## INFORMATION PROVIDED
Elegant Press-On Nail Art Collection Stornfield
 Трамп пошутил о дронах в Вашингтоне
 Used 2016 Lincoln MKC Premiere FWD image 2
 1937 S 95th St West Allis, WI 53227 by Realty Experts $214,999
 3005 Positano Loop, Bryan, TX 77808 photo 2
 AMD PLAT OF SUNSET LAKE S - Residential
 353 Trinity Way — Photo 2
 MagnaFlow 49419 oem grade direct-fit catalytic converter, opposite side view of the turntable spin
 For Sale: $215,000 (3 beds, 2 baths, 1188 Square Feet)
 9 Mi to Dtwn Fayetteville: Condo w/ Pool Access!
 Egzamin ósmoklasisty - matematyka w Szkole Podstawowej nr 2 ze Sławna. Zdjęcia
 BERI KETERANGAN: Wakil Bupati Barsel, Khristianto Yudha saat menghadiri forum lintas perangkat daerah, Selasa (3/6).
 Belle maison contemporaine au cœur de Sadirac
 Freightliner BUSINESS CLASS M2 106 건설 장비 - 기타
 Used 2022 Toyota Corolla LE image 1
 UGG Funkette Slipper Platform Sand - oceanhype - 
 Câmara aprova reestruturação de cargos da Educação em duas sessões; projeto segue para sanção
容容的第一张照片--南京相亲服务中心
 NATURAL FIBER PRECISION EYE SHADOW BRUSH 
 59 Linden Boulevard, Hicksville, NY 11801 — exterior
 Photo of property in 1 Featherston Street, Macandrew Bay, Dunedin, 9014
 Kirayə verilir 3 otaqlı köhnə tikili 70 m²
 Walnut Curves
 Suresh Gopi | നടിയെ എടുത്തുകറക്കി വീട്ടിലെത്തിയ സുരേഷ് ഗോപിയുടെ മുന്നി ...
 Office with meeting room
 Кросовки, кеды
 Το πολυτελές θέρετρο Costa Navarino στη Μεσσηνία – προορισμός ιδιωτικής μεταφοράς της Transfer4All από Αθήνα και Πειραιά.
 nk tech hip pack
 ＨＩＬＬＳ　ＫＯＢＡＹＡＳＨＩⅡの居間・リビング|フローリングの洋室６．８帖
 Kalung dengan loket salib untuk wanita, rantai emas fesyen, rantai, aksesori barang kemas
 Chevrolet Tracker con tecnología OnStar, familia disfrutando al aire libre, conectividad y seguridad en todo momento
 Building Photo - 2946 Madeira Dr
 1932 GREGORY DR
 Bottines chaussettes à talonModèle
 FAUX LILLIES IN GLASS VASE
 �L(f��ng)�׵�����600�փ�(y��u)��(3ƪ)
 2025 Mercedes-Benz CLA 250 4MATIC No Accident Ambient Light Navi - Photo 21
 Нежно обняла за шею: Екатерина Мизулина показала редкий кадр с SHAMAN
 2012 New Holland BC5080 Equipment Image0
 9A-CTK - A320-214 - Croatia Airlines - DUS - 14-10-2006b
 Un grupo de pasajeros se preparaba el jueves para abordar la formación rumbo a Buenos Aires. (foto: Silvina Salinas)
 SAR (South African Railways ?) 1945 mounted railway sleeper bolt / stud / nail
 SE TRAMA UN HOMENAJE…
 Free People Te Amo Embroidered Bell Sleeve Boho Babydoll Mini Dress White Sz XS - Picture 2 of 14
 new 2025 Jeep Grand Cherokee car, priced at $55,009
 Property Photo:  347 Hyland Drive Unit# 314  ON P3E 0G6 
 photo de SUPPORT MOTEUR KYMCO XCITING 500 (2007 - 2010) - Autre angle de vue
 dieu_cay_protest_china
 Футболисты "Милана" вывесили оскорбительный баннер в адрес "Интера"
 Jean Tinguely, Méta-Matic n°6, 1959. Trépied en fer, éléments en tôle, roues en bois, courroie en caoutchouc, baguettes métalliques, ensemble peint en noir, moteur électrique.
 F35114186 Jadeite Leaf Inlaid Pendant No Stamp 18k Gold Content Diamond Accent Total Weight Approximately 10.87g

## REQUIRED ACTION
Each line of the data that has the string "Used" should be returned.

## RESULT OF THE TASK
 Used 2016 Lincoln MKC Premiere FWD image 2
 Used 2022 Toyota Corolla LE image 1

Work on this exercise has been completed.